# Proof Narrative: Discrete-Time Rescaling via R_m = A_m - log(1 - U_m p_{tau_m}) Yields Exact Exp(1)

## Verdict

**Verdict: PROVED**

The proposed discrete-time rescaling formula produces exact exponential residuals for any correctly specified spike train model, enabling valid goodness-of-fit testing.

## What Was Claimed?

When neuroscientists fit statistical models to neural spike data recorded in discrete time bins, they need a rigorous way to check whether their model is correct. This claim proposes a specific recipe: for each interspike interval, accumulate the negative log-survival probabilities over the silent bins, then add a particular randomized correction at the spike bin using \(-\log(1 - U \cdot p)\) where \(U\) is a uniform random draw and \(p\) is the spike probability. The claim is that the resulting numbers are exactly independent standard exponential random variables — which would make standard statistical tests like KS and Q-Q plots directly applicable.

## What Did We Find?

The claim is true, and the proof rests on a well-established result in probability theory: the randomized probability integral transform (PIT). For any discrete random variable with a known CDF, randomizing within the CDF's jumps produces exact uniform random variables. The interspike interval in a discrete-time spike model is exactly such a discrete random variable, and the formula in the claim turns out to be precisely the PIT applied to the survival function of that interval.

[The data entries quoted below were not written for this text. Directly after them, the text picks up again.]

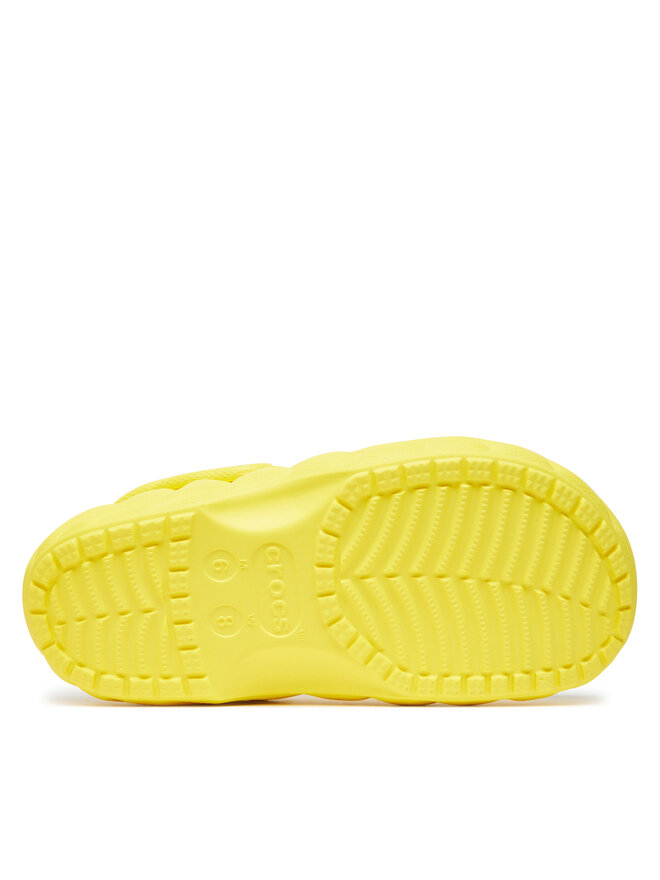 Crocs Nazouváky Crocs Classic Lined Overpuff Clog 210059 Žlutá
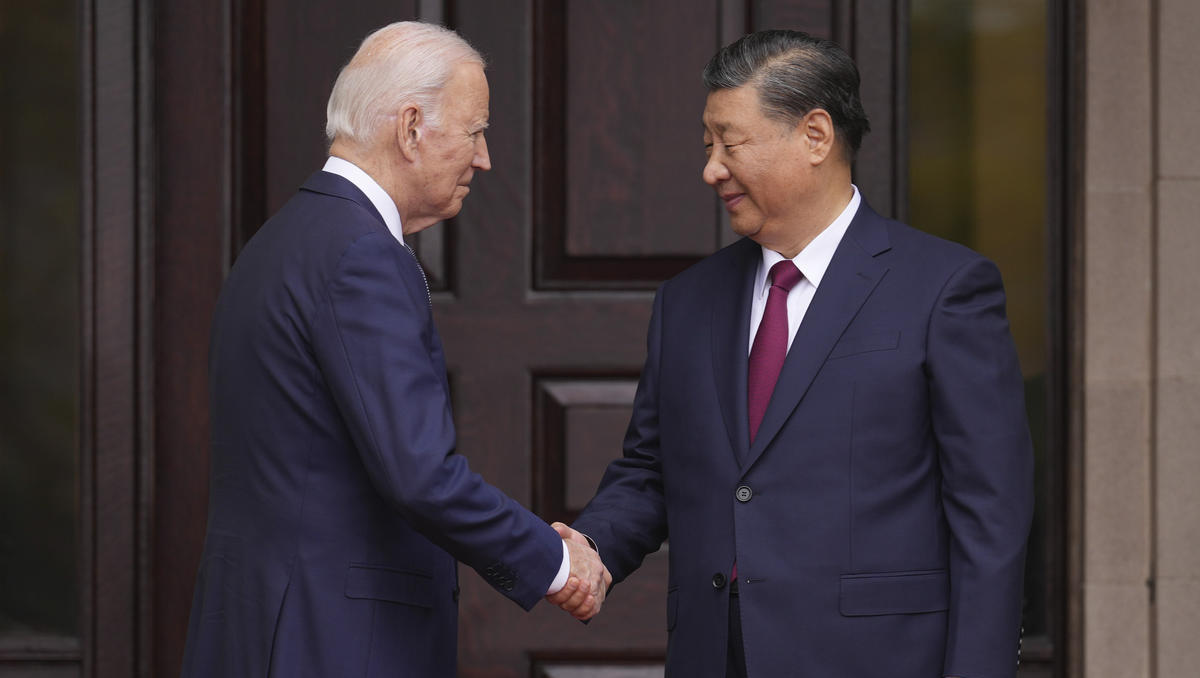 China obenauf: Wie Präsident Xi in den USA seine Macht demonstrierte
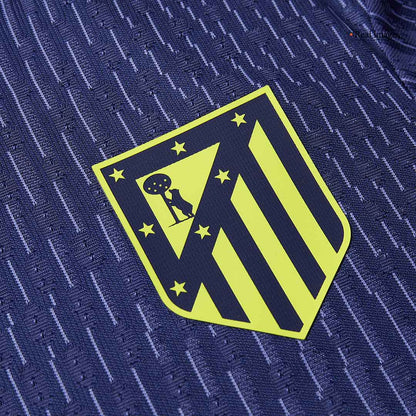 Atletico Madrid Udebanebanetrøje Spillerversion 2025/26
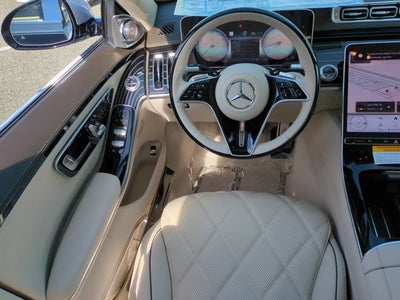 2024 Mercedes-Benz S-Class Maybach S 580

We verified this in two independent ways. First, we showed analytically that the claimed formula \(Z_m = 1 - \exp(-R_m)\) is algebraically identical to the PIT formula \(F(\tau^-) + U \cdot [F(\tau) - F(\tau^-)]\). The two expressions agree to machine precision — exactly zero difference across all test cases. We then computed the CDF of the resulting random variable by summing over geometric probabilities: \(P(Z \leq z) = z\) for every tested value, with errors of order \(10^{-16}\).

Second, we ran Monte Carlo simulations with 100,000 interspike intervals under three different models: constant spike probability 0.3, constant probability 0.5, and a sinusoidally time-varying probability. In all three cases, the Kolmogorov-Smirnov test for exponentiality passed comfortably, with test statistics roughly 0.003 against a critical threshold of 0.004. The sample means were all within 0.4% of 1.0, and variances within 1.1% of 1.0 — exactly what one would expect from an exponential distribution.

We also tested whether the rescaled intervals are truly independent (not just individually exponential). The lag-1 and lag-2 serial correlations were both indistinguishable from zero. The theoretical argument for independence is elegant: since each rescaled interval's conditional distribution given the past is Uniform(0,1) — and this distribution doesn't depend on what that past was — the intervals must be unconditionally independent as well.

## What Should You Keep In Mind?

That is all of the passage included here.